There are other functions, like **GEOMEAN**, **HARMEAN**, and **TRIMMEAN** which give the geometric mean, the harmonic mean and the trimmed mean (excluding a portion of highest and lowest values) of their arguments.

*II. Variation*

**KURT**estimates the kurtosis of the distribution of values (ie, how flat or how tall the distribution is)**SKEW**estimates the asymmetry of the distribution (ie, how different from the symmetrical normal distribution it is)**STDEV**estimates the standard deviation of the distribution**VAR**estimates the variance (ie, the square of the standard deviation) of its list of arguments

Note, that there are functions **STDEVP** and **VARPP** for the standard deviation and variance of the population where the sample has come from.

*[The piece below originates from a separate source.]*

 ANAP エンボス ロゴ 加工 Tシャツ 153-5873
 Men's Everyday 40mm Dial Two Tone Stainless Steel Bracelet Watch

**B. Some (not all) inferential statistics**

*I. Simple tests*

**CHITEST**estimates the chisquare test of goodness-of-fit**FTEST**estimates the likelihood that two samples have the same variance.**TTEST estimates Student’s t-test of one or two samples**

*II. Correlations, and simple regression*

**CORREL**estimates the Pearson product-moment correlation coefficient between two arrays of values**PEARSON**is identical to CORREL**INTERCEPT**estimates the intercept*b_0*of the regression*y = b0 + b1*x***SLOPE**estimates the slope*b1*of the same regression equation**STEYX**estimates the residual standard error for the regression**RSQ**estimates the R^2, the square of the correlation coefficient between*x*and*y*>**LINEST**is a different kind of story. It provides a linear estimation for the data at hand. Basically it summarizes the regression analysis. It is an array function which means it must be called like this {=LINEST(arg1;arg2;arg3;arg4)}.

Data in the above example come from the R program and its *cars* dataset which “… give the speed of cars and the distances taken to stop” according to the help files. R help files cites Ezekiel’s 1930 *Methods of Correlation Analysis* published by Wiley as the source of the data and D. R. McNeil’s *Interactive Data Analysis* also published by Wiley in 1977) as a reference source for the data.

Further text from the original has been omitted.